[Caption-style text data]

===============

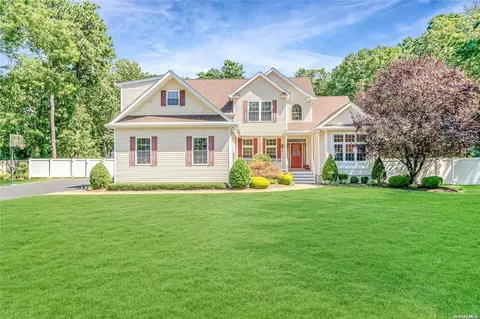 20 Kerry Ct, Riverhead, NY 11901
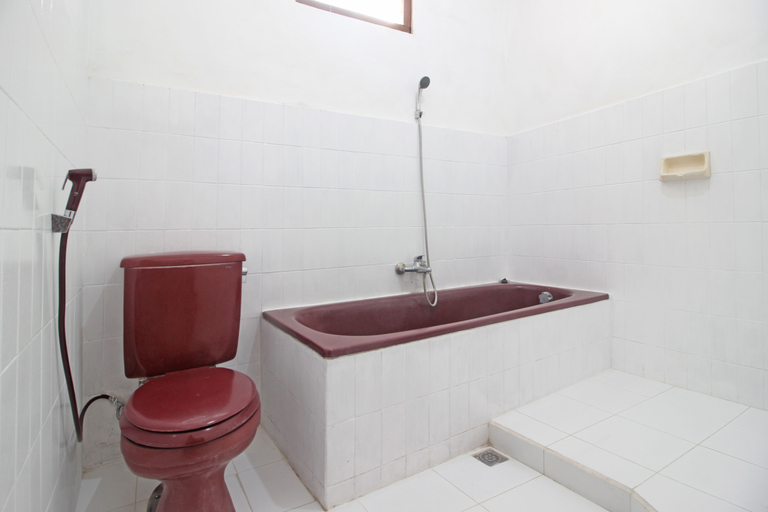 Bathroom 4, RedDoorz Plus @ Taman Siswa 3, Yogyakarta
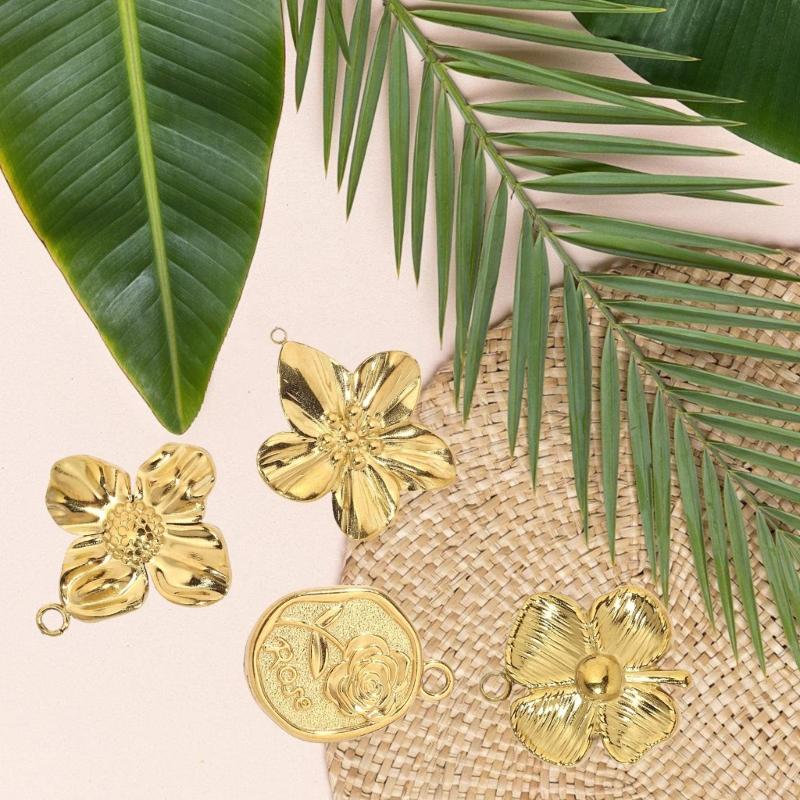 Large Flower Charm 3 Pieces Sturdy Stainless Steel Pendant Gold Plated Portable for Fashionable Women Stylish Outfits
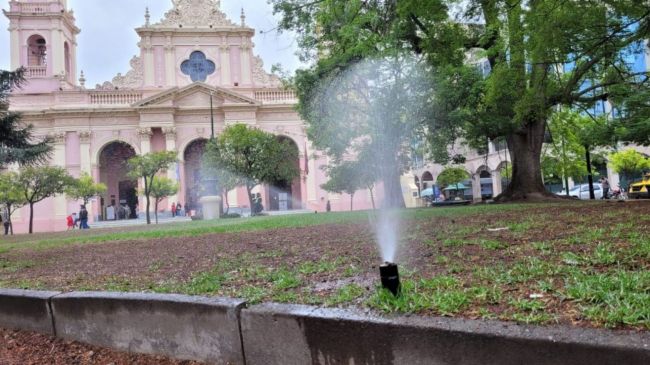 Sistema de riego en plaza 9 de julio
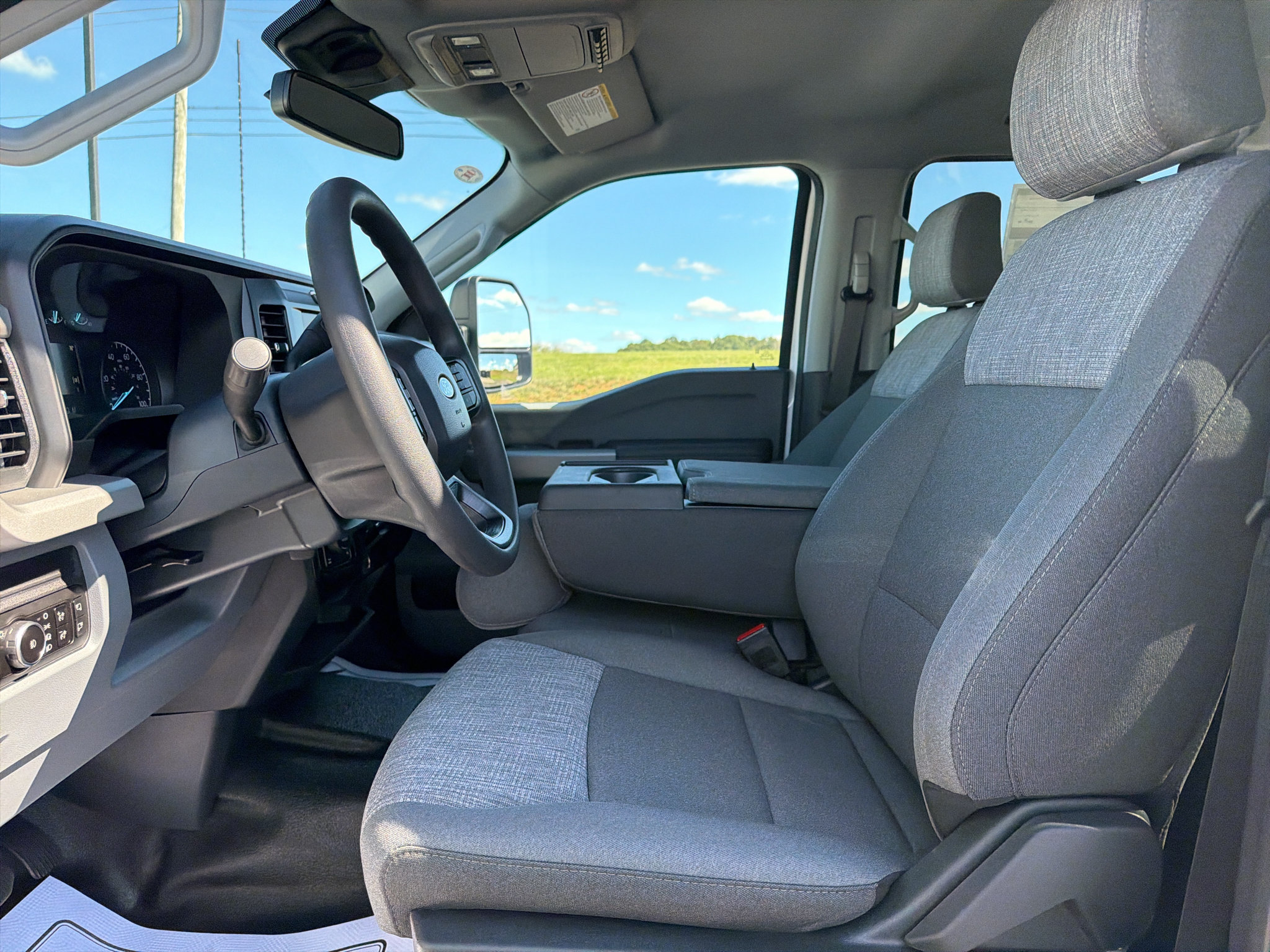 New 2027 Ford F250 XLT AWD/4WD image 10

===============

_WHAT IS EXPECTED:_ The required output is an exact copy of the lines from the one with "Sistema de riego en plaza 9 de julio" through the final line of the data above, with pictures removed.

_YOUR RESPONSE:_
 Sistema de riego en plaza 9 de julio
 New 2027 Ford F250 XLT AWD/4WD image 10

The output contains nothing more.